There’s no reciprocation in RCEP

The Economic Times - 30 May 2019

There’s no reciprocation in RCEP
By- Najib Shah

While the new government gets down to work, it needs to take a hard look at the proposed Regional Comprehensive Economic Partnership (RCEP) agreement. This is a free trade agreement (FTA) that could nullify all the gains made by the goods and services tax (GST).

RCEP is an FTA involving the 10 Asean (Association of Southeast Asian Nations) member states and Asean’s six FTA partners that include India. It involves nearly 40% of the entire global trade spread over a geography that contributes 35% of global GDP.

An FTA, in its simplest sense, means that subject to fulfilment of the rules of origin that establish the nationality of a product, preferential rates of duty are extended to an item when imported from the country to another with which there is such an agreement. For instance, in terms of the India-Asean FTA, for TV sets of various screen sizes up to 105cm, the basic Customs duty is nil, opposed to 10% when imported from elsewhere. So, it’s little surprise that nearly 40% of all imports from Asean countries are under FTA.

But then, why would anybody want to manufacture in India when we can import the same product under FTA at reduced or zero rates of duties? Set-top boxes, earlier manufactured in India, are now almost entirely imported under FTA. Apart from the obvious loss of revenue across goods and sectors, it also results in loss of manufacturing and jobs in India.

So, why does India enter into FTAs? In the fond hope that just as foreign manufacturers exploit the preferential market access and enter the vast Indian market, the Indian exporter, too, would do so in markets elsewhere.

But policymakers constantly brush aside the fact that while our reduction in import duties are substantial, the corresponding reduction in other countries is minimal — most rates of duties being already very low there.

Yet another logic given is that India needs to be in the global value chain (GVC).
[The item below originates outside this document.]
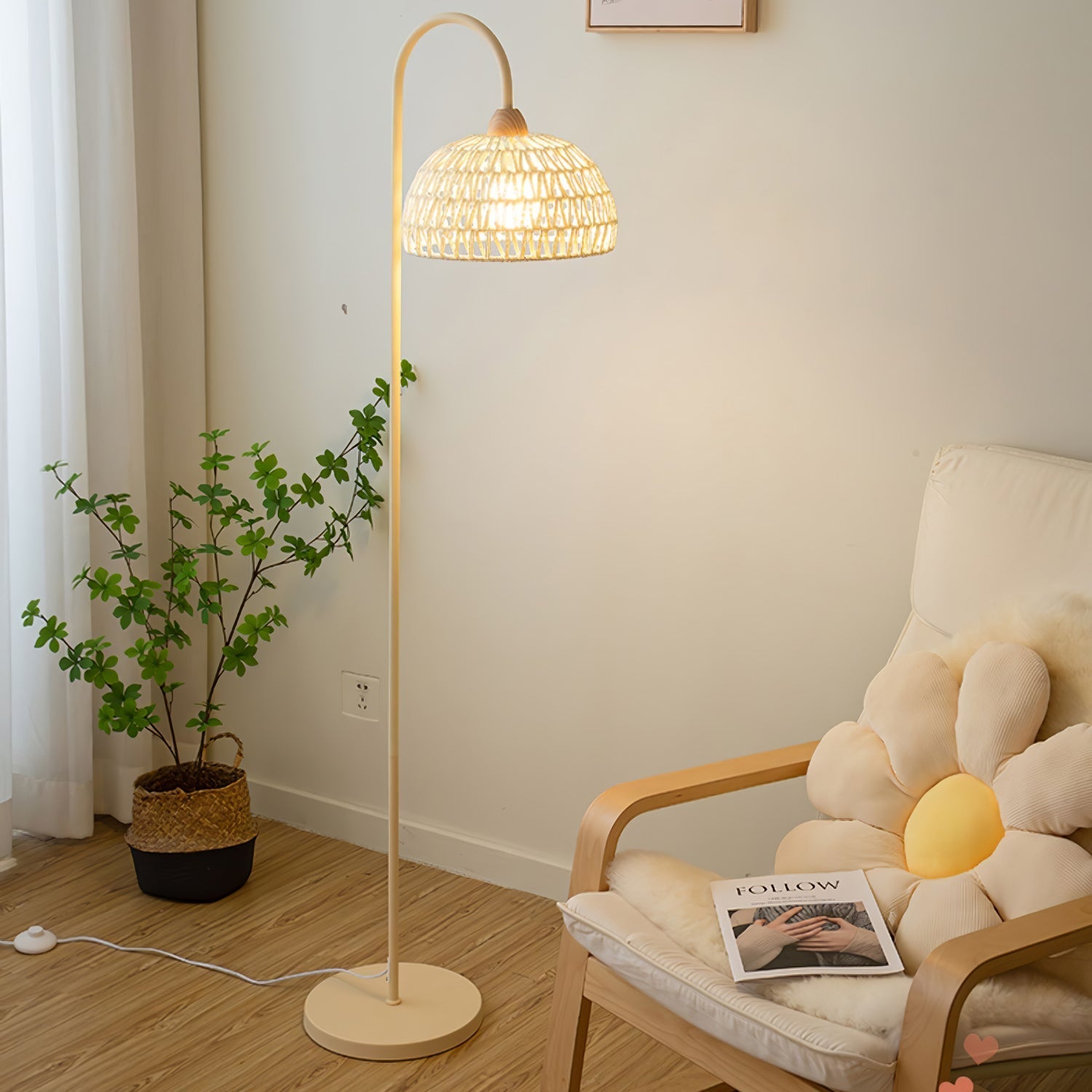 Tor Minimalist Floor Lamp-Neutral Decor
This argument, too, is specious and does no justice to India’s economic strength and the sheer market size we offer. The external affairs ministry sees FTAs as triumphs of economic diplomacy while the commerce ministry views them as expanding the Indian exporter’s scope. No cost benefit analysis of the 16 existing FTAs has been undertaken — at least, it isn’t available in the public domain. The closest we have is a NITI Aayog paper, ‘A Note on Free Trade Agreements and Their Costs’ (bit.do/eTKCC)’, which, as the disclaimer makes amply clear, is a reflection of the authors’ views, not that of the institution.

Any FTA is beneficial only for a developed trade partner. Which is why India’s FTAs with South Asian countries has been beneficial for us. Given this background, one would have expected that India would have proceeded very cautiously before setting foot in an RCEP trap. However, since 2015, we have been actively participating in the negotiations. India already has independent FTAs with Asean, Japan and South Korea, and is actively pursuing similar agreements with Australia and New Zealand.
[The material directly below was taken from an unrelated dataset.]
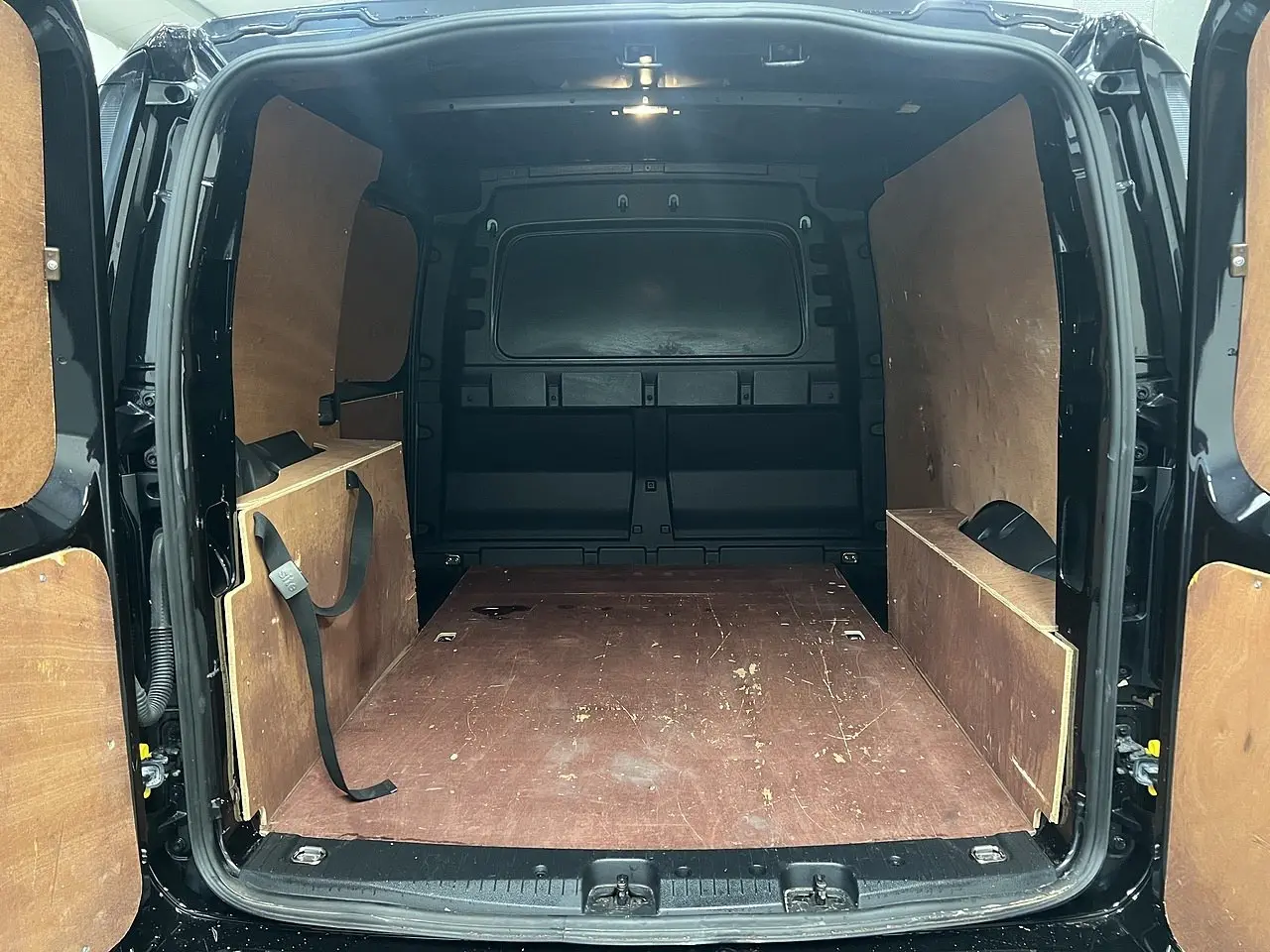 2022 Volkswagen Caddy, photo 3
Even without a FTA, Chinese goods swamp Indian markets. Our dependence on them is such that China need not wage a war with India to hurt us — it just has to stop exporting goods to India for a month. It’s not clear yet how China’s tariff war with the US will play out. But Beijing desperately needs to have preferential access to markets such as India to keep China’s economic engine purring. This is a major driving force behind RCEP.

India has a trade deficit with 11of the 16 countries in the proposed FTA, with China at about $50 billion being the highest. It is, from all accounts, making no headway in the one area we are strong in: services. Yet, we’re pursuing RCEP.
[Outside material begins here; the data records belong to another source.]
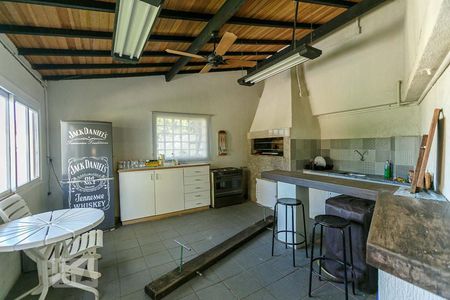 Casa à venda com 350m², 3 quartos e 2 vagas Casa à venda com 350m², 3 quartos e 2 vagasÁrea comum - Salão de festas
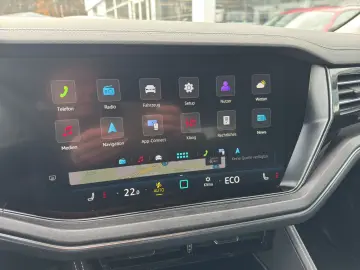 VW Touareg 3.0 TDI 4M  AHK Navi LED Leder Kamera PD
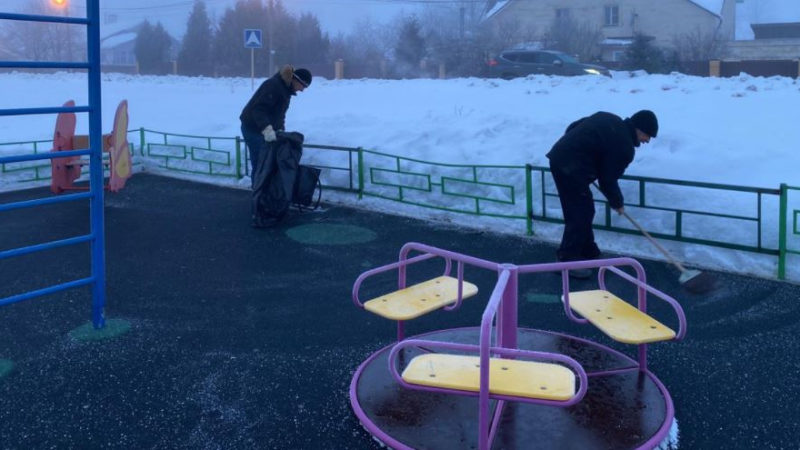 В Рузском округе очищают от снега детские площадки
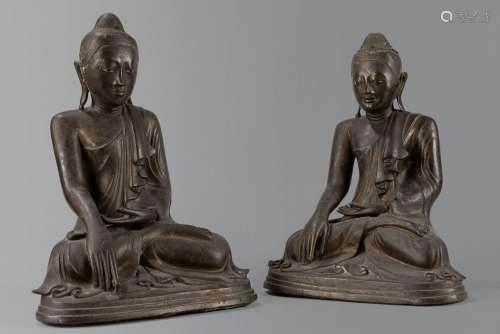 Two seated bronze Buddha. Burma, 19th century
Our exports need protection. As one badly FTA-singed manufacturer told me, our response should be cautious and the reduction in import duties done in a measured, calibrated manner. The auto sector is a classic example. If not for the tariff barriers India erected, Indian car manufacturers would not have become the powerhouse they are today. Exports will happen once the domestic sector is strong, never the other way around.

The previous government had tasked think tanks for their views on RCEP. These reports should now be made public so that industry associations can react and give their inputs. The new government should act fast and not get pushed into signing yet another FTA that only benefits others.